He was American and as you might gather - a bit scary - but he had a point I suppose, even if we might find it totally alien.
Few of us ever wanted to be in the army and few have ever experienced what war is like. I have experienced it. It is strange and frightening and frankly exhilarating when it's over and you have survived.
But it is what soldiers have trained for and crave. The current deployed men and women see themselves as the “chosen generation”. Not for them tours of Northern Ireland to experience battle – but full-on conflicts, and they are at the centre of it.
We may debate the rights and wrongs of Afghanistan and Iraq and we may hate the dreadfulness of war and the effect that it has on civilians - something I have focused on in the many conflicts I have covered.
But please do not think that another soldier killed in an incident in Afghanistan ever affects the soldiers’ commitment – quite the opposite, it makes them more determined.


Good to see a real news article for a change and another reason, not that I needed it, to watch Sky news over BBC :)
 
#2
I wouldn't say all soldiers like being in contact day in day out. Many who say they do like it are usually liars or like to big themselves up. Combat on a regular basis is tiring both for the mind and the body.
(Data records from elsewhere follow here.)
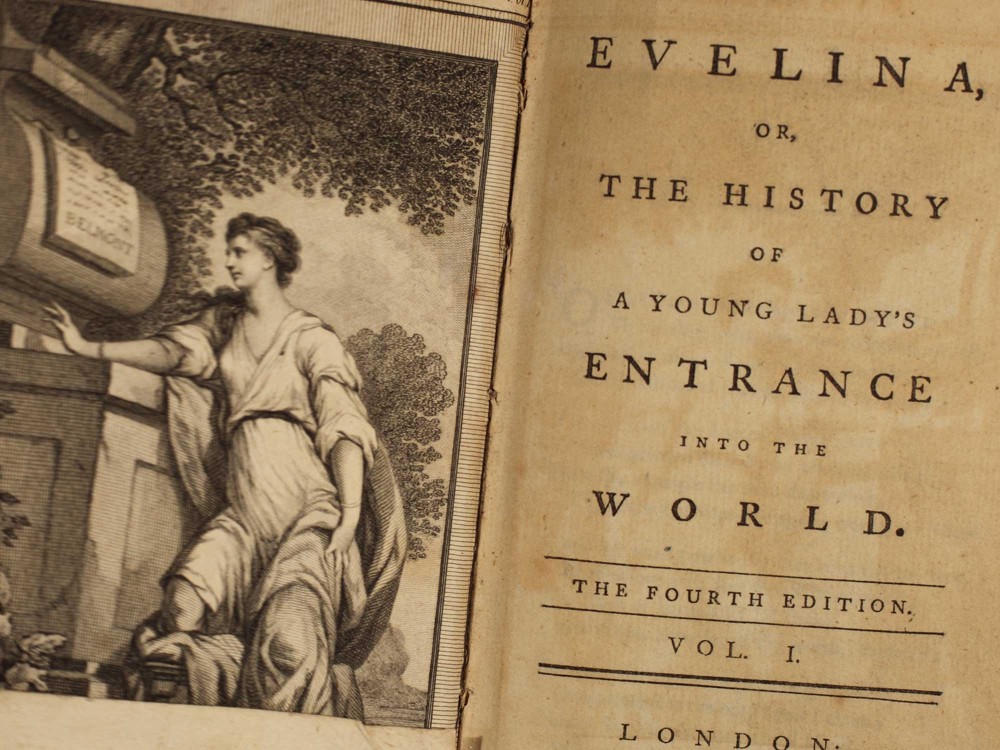 The title page from the first edition of Fanny Burney's book Evelina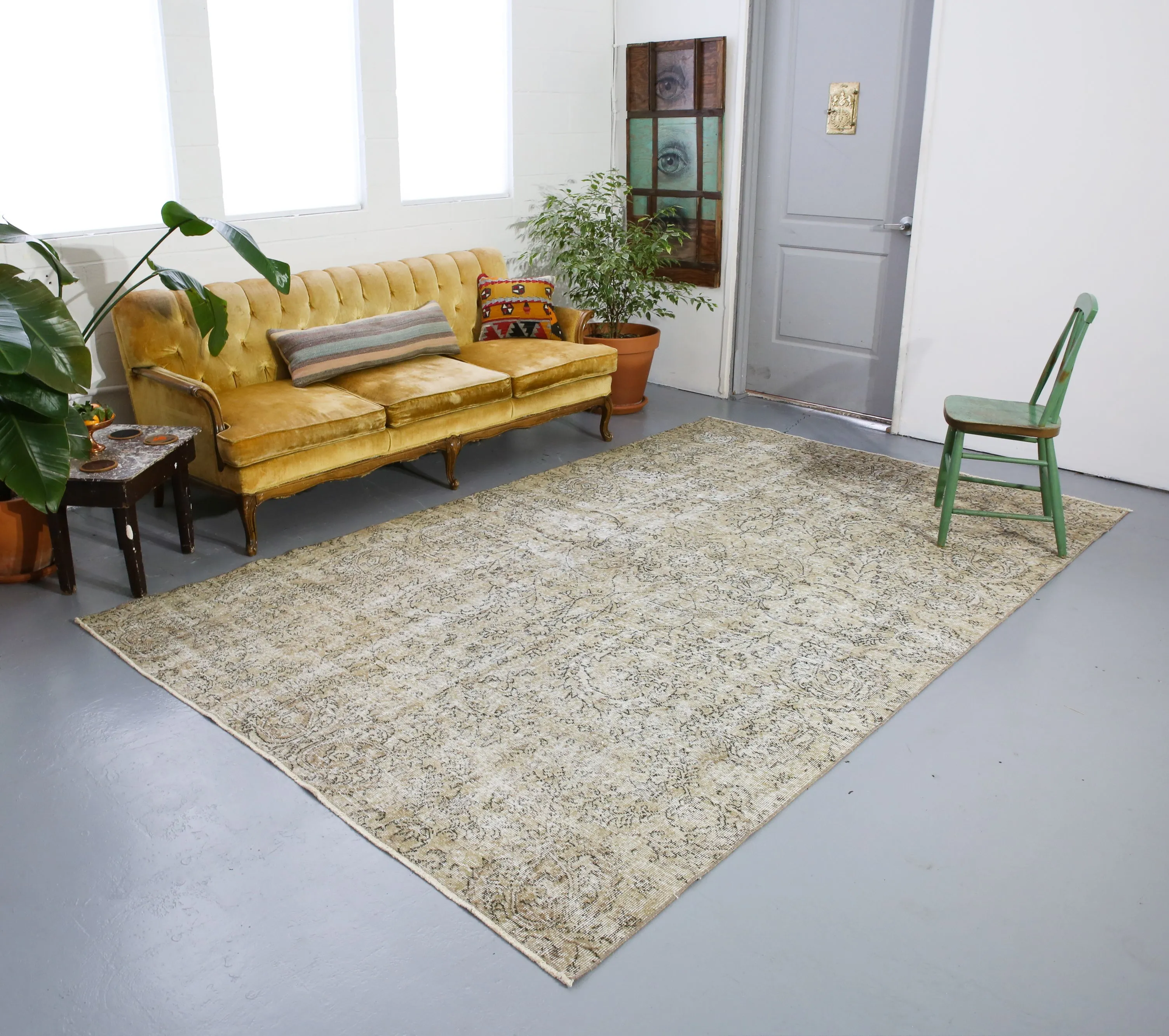 Vintage Overdyed Isparta Rug in Pearl 6.5ftx10.6ft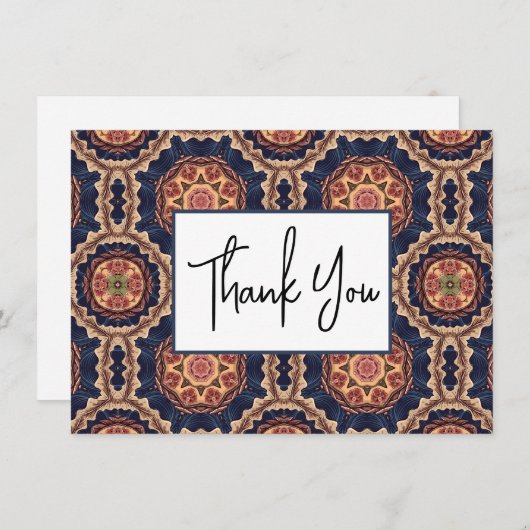 Bloem- en stervormen Decoratief Ontwerp Bedankkaart (Voorkant / Achterkant)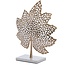 Light en Living Ornament op voet 28x8x35 cm LEAF  goud+marmer wit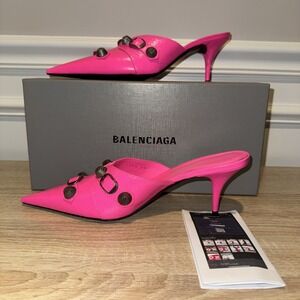 Balenciaga Fluo Pink Cagole Mule M70 Heels Size 39 Arena Lambskin NWB‎ COA $1050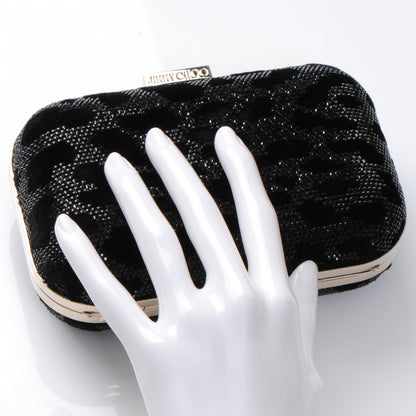 Jimmy Choo Velvet Cloud Stone Embellished Clutch Black 2 of 6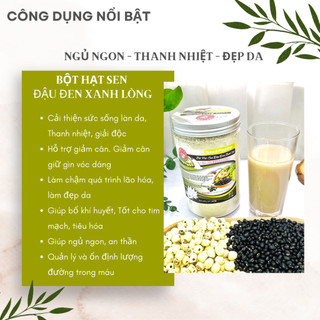 Bột Hạt Sen, Đậu Đen Xanh Lòng nguyên chất Senfarm - Không đường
Too much is a lickout though (unless you're Rambo or being interviewed by a reporter) :)
 
#3
Karl_uk said:
Every reporter will have experienced it and every one of us fails to actually tell the real truth when we are asked this recurring and obvious question: “Stuart, another soldier dead in terrible circumstances. Opinion polls show the public is against the war. Surely it must affect morale?”
The real answer “Does it chuff, they love it.”
They do and that is the difference between civilians and military; it is why you and I and everyone wringing their hands about the poor soldiers facing horrendous conditions and danger totally don’t get it.
It is why they can kill people without question.
It is why they joined up in the first place.
If you think about it logically do soldiers, first and foremost, really want to build schools for poor Afghan kids? No, they want to kill Taliban.
I am not saying this lightly, I am not saying they are bloodthirsty or in any way unprofessional. It is a simple fact: they are soldiers and soldiers fight wars and they are in one. They are mightily upset when one of their mates gets killed or injured, but the way they deal with it is to clean their weapon, make sure their kit is squared away and get ready to go outside the wire and kill the bastards trying to kill them.
A couple of months ago I met up with a mentoring team of 10 British soldiers who had been held up in their base for months. Firefights every day; supplied by helicopter drops for weeks on end. They controlled no more than a few hundred yards of dusty road outside their front door.
They were attacked night after night. It was like a movie of explosions and shooting and camaraderie – trust me I have seen the pictures they filmed.
They were led by a very nice posh officer lad and a classic gruff sergeant. They were the happiest blokes I have ever met.
“It was f****** great mate. The lads f****** loved it. Thank f*** we didn’t lose anyone but we f****** twatted them – every time we went out. We knew where it would start, we knew what they would do and we just went out and tried to f*** them up. F****** brilliant.” That was the sergeant.
The officer: “Stuart, the lads did a great professional job. I think they relished the opportunity to engage with the enemy and implement the changes we and the ISAF forces have been tasked with achieving. The goals are difficult and achievements will sometimes be difficult to quantify but we feel we achieved a fair, if modest, degree of success.” I think that translates as “We f***ed them up.”
I have met many, many soldiers over the years and this example is absolutely in keeping with the general view of the military.
After spending another long night on the floor of a dusty tent, with no air conditioning in the day and freezing cold at night, eating awful MRE’s (meals ready to eat) when it was clear there could be a cook, I took it upon myself to ask the commanding officer why his men lived in such terrible conditions when it was pointless.
“Stuart I don’t ask much of my men,” the colonel told me.
“But I may ask them this: ‘Men, we will take that town tomorrow and we will prevail whatever the cost to you or your comrades.’ I am telling them to roll out of bed and kill people and risk being killed. That is why they live like animals, because I want them to behave like animals. It is war.”
He was American and as you might gather - a bit scary - but he had a point I suppose, even if we might find it totally alien.
Few of us ever wanted to be in the army and few have ever experienced what war is like. I have experienced it. It is strange and frightening and frankly exhilarating when it's over and you have survived.
But it is what soldiers have trained for and crave. The current deployed men and women see themselves as the “chosen generation”. Not for them tours of Northern Ireland to experience battle – but full-on conflicts, and they are at the centre of it.
We may debate the rights and wrongs of Afghanistan and Iraq and we may hate the dreadfulness of war and the effect that it has on civilians - something I have focused on in the many conflicts I have covered.
But please do not think that another soldier killed in an incident in Afghanistan ever affects the soldiers’ commitment – quite the opposite, it makes them more determined.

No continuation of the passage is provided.